Teacher Feature of the Week: Getting Creative with Art Teacher Ashley Wyrick

Teacher+Feature+of+the+Week%3A+Getting+Creative+with+Art+Teacher+Ashley+Wyrick

Ashley Wyrick is one of the seven art teachers at Wando, but her abilities go way beyond teaching students to create art.
She also teaches AP Art History and AP Studio.

When she was in high school, she was very passionate about art and took as many art classes as she could.

“My senior year I decided that I wanted to actually focus in the arts, and so I accepted a place at Clemson University in the fine arts program,” Wyrick said.

Her senior year at Clemson, she had to declare a specific area in the fine arts program.

“I declared pottery and ceramics,” she said, “and so I focused on ceramics my final year.”

Following graduation from Clemson, she knew she wanted to live in an area that was art-oriented, which is why she chose Charleston.
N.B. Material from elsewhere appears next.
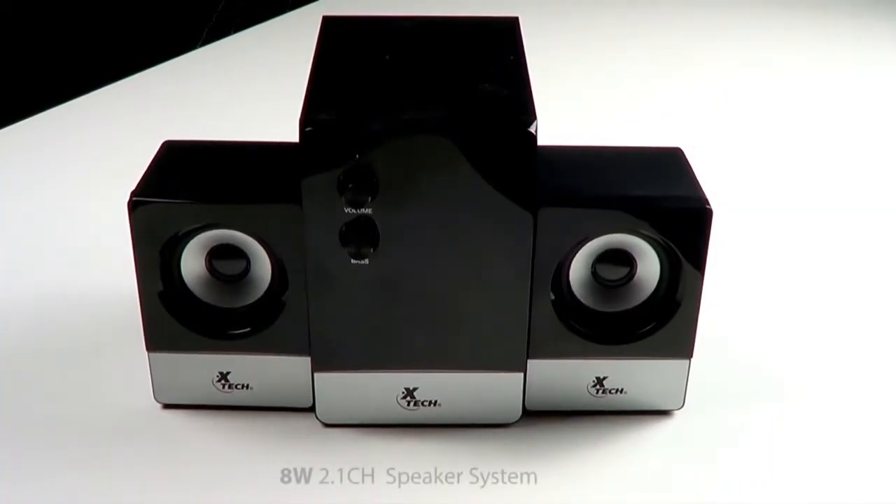Thank you for choosing X-TEC. Today we will show you the XTS 300 8W 2.1 channel speaker system.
Her goal was to become a working artist, but she found that her dream came with challenges.

“I thought ‘I’ll just be an artist and survive!’ — but I realized it is really hard to survive as a working artist, so I had some other odd jobs,” Wyrick said. “I was working in that studio space doing my own work selling in that gallery, but also working somewhere else on the side to pay the bills.”
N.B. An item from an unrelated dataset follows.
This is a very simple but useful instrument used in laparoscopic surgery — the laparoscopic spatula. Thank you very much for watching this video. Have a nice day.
After that first year out of college, she knew she needed to do more than work side jobs and occasionally sell her work.

“I was actually able to get a job at the Gibbes Museum,” she said. “They used to have a working studio there and they hired me as a ceramics teacher for adult pottery so I taught pottery classes for about a year.”
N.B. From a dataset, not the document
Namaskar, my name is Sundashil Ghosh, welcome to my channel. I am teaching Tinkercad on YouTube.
It was after this experience teaching adult pottery that Wyrick knew she wanted to be a teacher. She went back to school and got a degree to be able to teach.

“I came through an alternative route — it was called critical needs at the time, and so there was a critical need in the area for art teachers, so I was able to be hired as a teacher,” she said.

She started at Wando in 2003 as a part-time art teacher.

“The following year in 2004, they opened up this new building and the program had grown a little bit, so they took me on as a full time teacher,” Wyrick said.

Currently she is given the opportunity to teach select art students wheel throwing.

“I currently have two students who are wheel throwing as part of their concentration,” Wyrick said. “It comes full circle for me because that’s what I went to school for and now I am able to teach students how to basically complete that same craft that I learned.”

She has no regrets in her leap of faith that diverted her from her “dream” job to instead start teaching.

“The nice thing about being an art teacher is with demonstrations and developing new lessons and new projects, I get to still be creative,” Wyrick said.